A Limited Company Director would normally be somebody that is a 20% or more shareholder of the company. A Limited Company Director is also assessed slightly differently to a Sole Trader. Many Company Directors take a small basic salary which is topped up with dividends, and some lenders will assess this income.
Other lenders may use the retained net profits of the company, so they would look at that individual’s share of that company’s profits. This sometimes means they achieve significantly more affordability than when the lender is looking solely at their dividends and basic salary.

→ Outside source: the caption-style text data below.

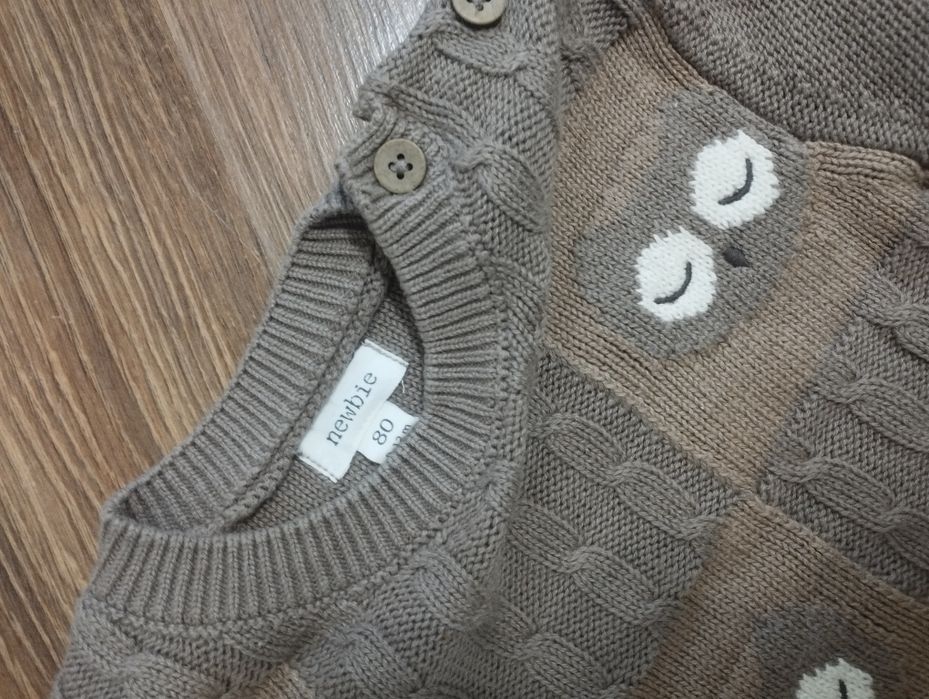 Prześliczny sweter newbie 80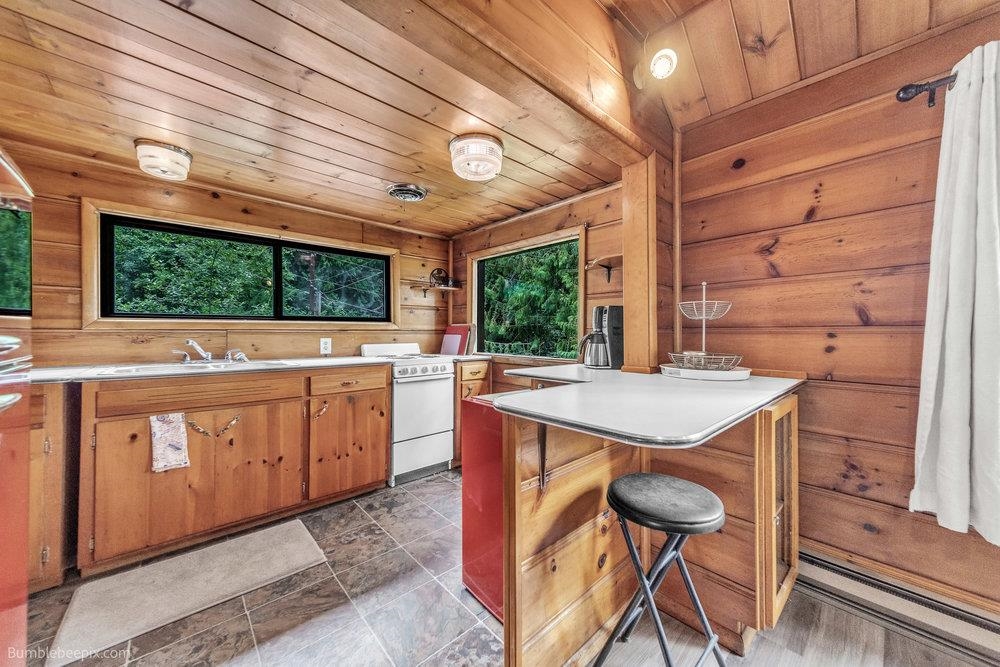 11711 N Honeymoon Bay Rd - Photo 9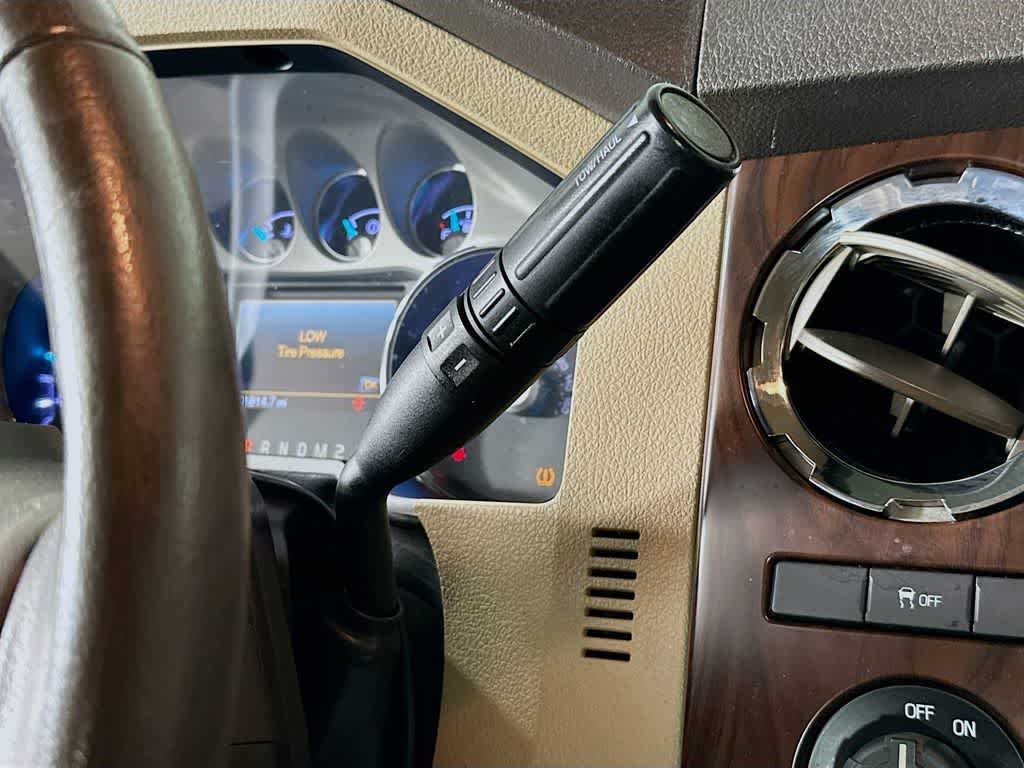 2014 Ford Super Duty F-250 SRW Lariat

What documents do I need when applying for a Self-Employed mortgage?
This is fairly standard right across the board, the majority of lenders would want what they call SA302 (tax year overview and tax calculations) which you can obtain from HMRC or via your accountant, who would normally have their own system. The lender may also want to see accounts for the business to assess its performance.
For example, a Limited Company Director who is a 100% shareholder (owns the whole company) and on a large salary, would not necessarily be able to borrow based on that full salary, if the business is making a loss. The Director can pay himself whatever salary he want but this doesn’t mean that the Company can afford to pay it or that the wages are sustainable and that’s why Lenders look at the performance and profits of the business.

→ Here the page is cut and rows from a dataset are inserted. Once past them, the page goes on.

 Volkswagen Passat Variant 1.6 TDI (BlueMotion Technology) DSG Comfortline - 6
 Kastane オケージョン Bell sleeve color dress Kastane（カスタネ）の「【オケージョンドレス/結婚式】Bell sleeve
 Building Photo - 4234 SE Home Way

It is worth speaking to your accountant and getting a copy of the last two years accounts, tax reviews and tax calculations prior to speaking to a broker, because with that sort of information we can ordinarily work out how much you can borrow, and approach a lender that specifically assesses your situation favourably.
Is Buy to Let available for the Self-Employed?
Yes. It actually may be a little bit easier in a lot of cases, because the majority of Buy to Let lenders assess the mortgage based on the expected income from the property itself, rather than your own personal income. They’re more interested with how much yield (or rent) that property will provide, and will work their assessments and calculations based on that. Some lenders require tax overviews and tax calculations, but others may not, if they are satisfied with the yield.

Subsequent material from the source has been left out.